I'm Erin, and I'm engaged! I've been engaged for almost a whole year now. It's been one of the most exciting times in my whole life. Yes, I'm only 20 right now, but I will be 21 when I finally marry my best friend.
By the time I get married, I will have been engaged for 826 days.
Let me say that again. 826 days of engagement.
Does that frustrate you? Does that unsettle you for some reason?
Let me ask you, why?
Why does my engagement period matter at all to you?
I am happy. Most people who know me will tell me, "I'm just happy that you're happy!" But if that's the case, then why does it matter that I will be engaged for over two years before I get married?
Because it's not the "norm."
I've been told time and time again that I shouldn't be engaged for more than __ months (sometimes this is 6 months, sometimes it's 12).
But why does it bother so many people if I'm the one getting married, not them?
I'm the type of person that if you tell me not to do something, I will do it anyway. I go against the grain.
I do not usually do what everyone else does. I'm stubborn and will do what I think is best.
And being engaged for 826 days before I get married is what I think is best for myself and for my fiancé. I'm in college, and my fiancé is on the verge of graduating. When he graduates, he will move an hour and 15 minutes away and start working. By the time that we get married, I will still have one whole year left of college.
Waiting to get married is the best decision for us.
I will never, ever regret getting engaged early on in our relationship. It didn't seem too early to me, and it still doesn't seem that way. If I had gotten married in the summer after getting engaged, my family would have freaked. After all, I only knew this man for 3 months before getting engaged to him.
So some people say, "Why didn't you wait a year to get engaged so that the engagement could've been shorter?"
Well, that's really none of your business.

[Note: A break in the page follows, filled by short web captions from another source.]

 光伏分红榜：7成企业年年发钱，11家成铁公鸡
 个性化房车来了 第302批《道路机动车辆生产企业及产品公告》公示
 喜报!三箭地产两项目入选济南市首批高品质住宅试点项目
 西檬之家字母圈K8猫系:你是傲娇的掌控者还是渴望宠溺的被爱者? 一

We got engaged when we felt it was right. Why wait to get engaged if you already know that you want to marry the person? What's so bad about being engaged a little longer?
After all, people STILL congratulate me on our engagement, even after almost a year of having the ring.
And in the end, it is me getting married, not the 200 other people who question my sanity for having a long engagement.
It's not as though I chose a long engagement so that I could "have time to back out if need be." (yes, someone ACTUALLY said that to me).
We agreed to have a long engagement and get to know each other even better so that we could sort everything out and have plenty of time to plan the most amazing, beautiful wedding that we possibly could.
And now that we've waited, my family adores my fiancé more than I could've ever imagined. They've had plenty of time to get to know him and grow to love him.
It shouldn't matter when we get married or how big the gap of time is between our engagement and our wedding.